Here then is a high-level view of the project:

I. Work to be done
a. Obtain rights to reprint any of the historical research articles not in the public domain
b. Contact potential collaborators from other institutions for access to their historical research materials. These may include:
i. Archives of clinical records
ii. Research materials and experiences to contribute to the record
iii. Records in any form that captured the experience of patients
iv. Records of legislative or policy-related deliberations or actions that pertain to the treatment of tuberculosis patients, their isolation from other populations, etc.
c. Formulation of an Information Architecture for the website; this should be undertaken with a view to transparency of navigation, ease of maintenance and the ability for contributions to be made by remote project participants
d. Gathering of TB-related graphical materials including historical photographs, public health posters, etc.

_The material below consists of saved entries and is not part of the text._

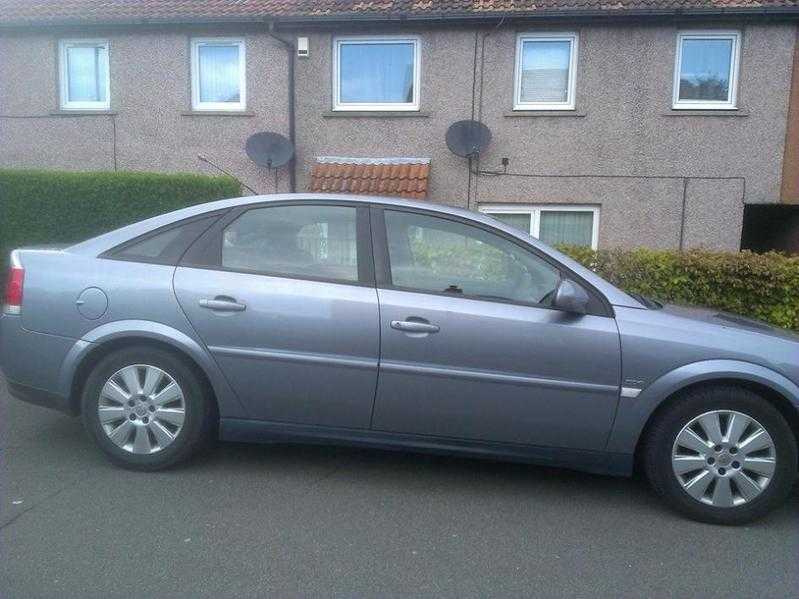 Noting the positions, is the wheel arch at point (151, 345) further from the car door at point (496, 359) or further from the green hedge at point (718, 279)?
the green hedge at point (718, 279)

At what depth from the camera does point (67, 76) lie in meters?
12.2

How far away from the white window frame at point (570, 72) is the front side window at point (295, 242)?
296 inches

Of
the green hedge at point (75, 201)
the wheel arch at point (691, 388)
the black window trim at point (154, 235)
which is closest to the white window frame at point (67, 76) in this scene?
the green hedge at point (75, 201)

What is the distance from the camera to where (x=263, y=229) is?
4293 mm

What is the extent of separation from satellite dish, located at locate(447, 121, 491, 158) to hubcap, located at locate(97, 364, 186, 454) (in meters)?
7.56

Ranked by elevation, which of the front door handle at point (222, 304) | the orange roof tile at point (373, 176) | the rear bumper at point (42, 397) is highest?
the orange roof tile at point (373, 176)

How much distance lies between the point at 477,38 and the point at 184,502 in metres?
8.94

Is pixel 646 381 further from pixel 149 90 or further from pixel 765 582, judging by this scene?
pixel 149 90

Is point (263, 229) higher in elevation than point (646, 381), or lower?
higher

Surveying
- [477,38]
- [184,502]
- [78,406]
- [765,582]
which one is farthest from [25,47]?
[765,582]

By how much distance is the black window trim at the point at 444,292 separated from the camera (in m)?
3.95

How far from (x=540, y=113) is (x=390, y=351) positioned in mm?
7985

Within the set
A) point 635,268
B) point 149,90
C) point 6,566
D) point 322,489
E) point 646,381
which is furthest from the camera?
point 149,90

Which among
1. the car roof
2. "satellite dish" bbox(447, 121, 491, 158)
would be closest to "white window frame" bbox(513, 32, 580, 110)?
"satellite dish" bbox(447, 121, 491, 158)
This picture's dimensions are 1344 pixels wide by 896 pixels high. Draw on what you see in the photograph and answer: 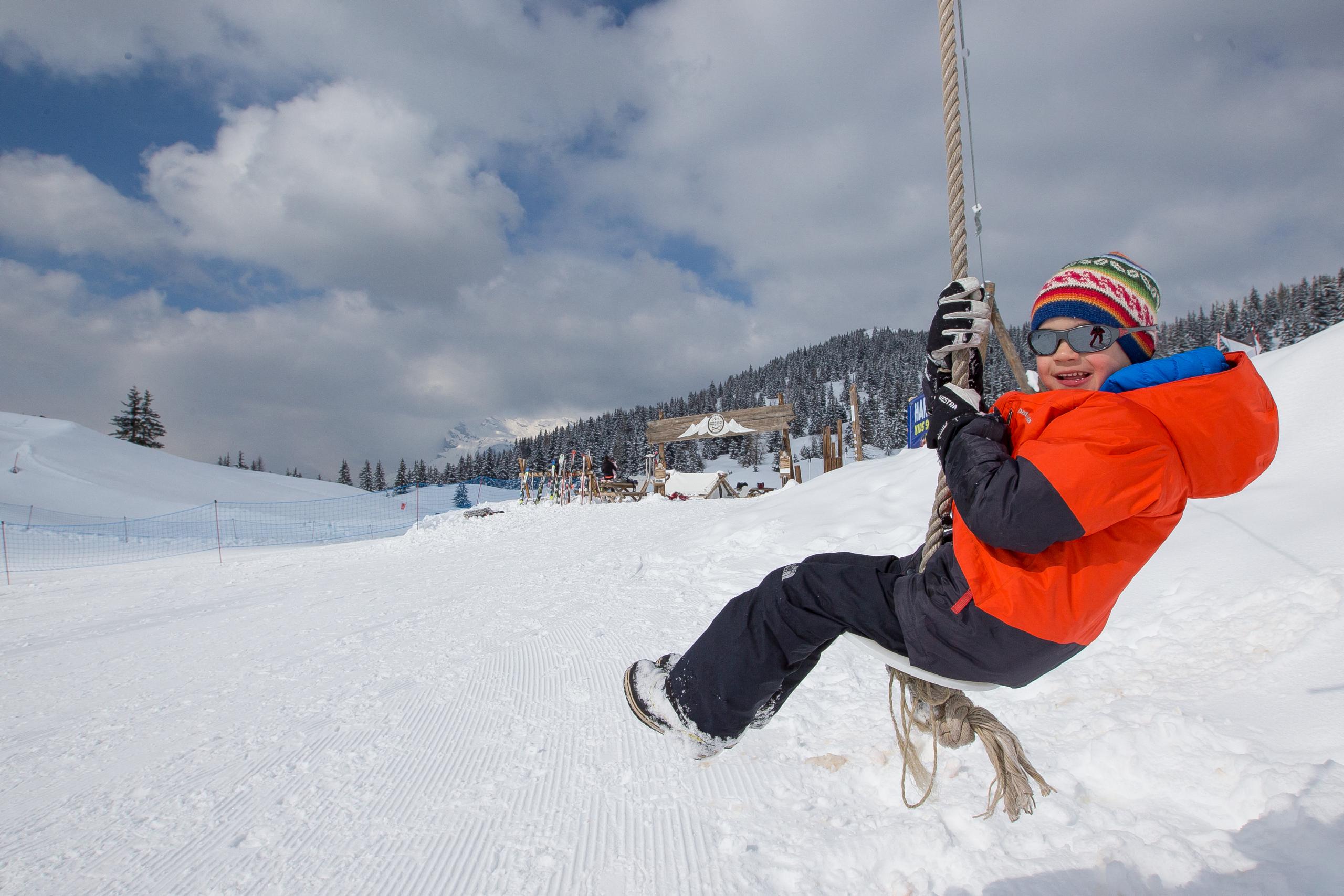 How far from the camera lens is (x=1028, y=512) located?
135 centimetres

e. Gathering of artwork, poetry, essays, stories recounting humanity’s experience with tuberculosis
f. Transcription of scientific research articles that comprise the heart of the website for the purpose of searchability and statistical querying
g. Compilation of bibliography on the subject
h. Links to related web-based resources
II. How work will be done (three distinct activities may be carried out concurrently or consecutively depending on availability of staff. These activities are the 1) copyright search, 2) webpage construction, and 3) inputting, tagging and cataloging:
a. Making documents searchable
i. All documents not in digital formats (the great majority) will be input by keyboard. This is because the quality of the original articles is often poor. If we were to attempt to use optical character recognition software it is likely we would introduce more errors than we would avoid and end up spending more time and effort than by simply re-inputting the documents “by hand.” This would be largely due to the age of the original articles (many of them set in movable type) and mixed quality of scanned images, combined with the relatively high proportion of technical terms, which would not be included in standard OCR interpreter dictionaries.
ii. After identifying the most likely uses that textual analysis could be put to in this set of historic research documents, a list of XML tags will be set by project advisors, expert in TB research
iii. All of the documents, once they have been converted from images to texts, will be scanned for the terms to be marked with the designated set of XML tags
b. Documents will be catalogued with identifiers for response to queries concerning content categories, date of research, authorship, sponsoring institutions, nationalities, etc.
c. Graphical materials will be catalogued using a defined set of criteria similar to that applied to research materials
d. Texts concerning clinical experience from perspectives of patients and clinicians will also be tagged and catalogued
e. Literary texts will also be tagged and catalogued
f. Website construction can go on simultaneous to the tagging and cataloging work being done with various project components
III. Identification and initiation of project participants and staff
a. Internal contributors of introductory and contextualizing texts
b. Internal project reviewers
c. Hands for keyboarding, material selection, proofreading and webpage construction and maintenance
IV. Projections for time, budget and materials: At this point it is difficult to project costs. Given the availability of infrastructure, software and hardware, the only immediately foreseeable costs would be for XML encoding software and possibly a workstation dedicated to ongoing work on this project.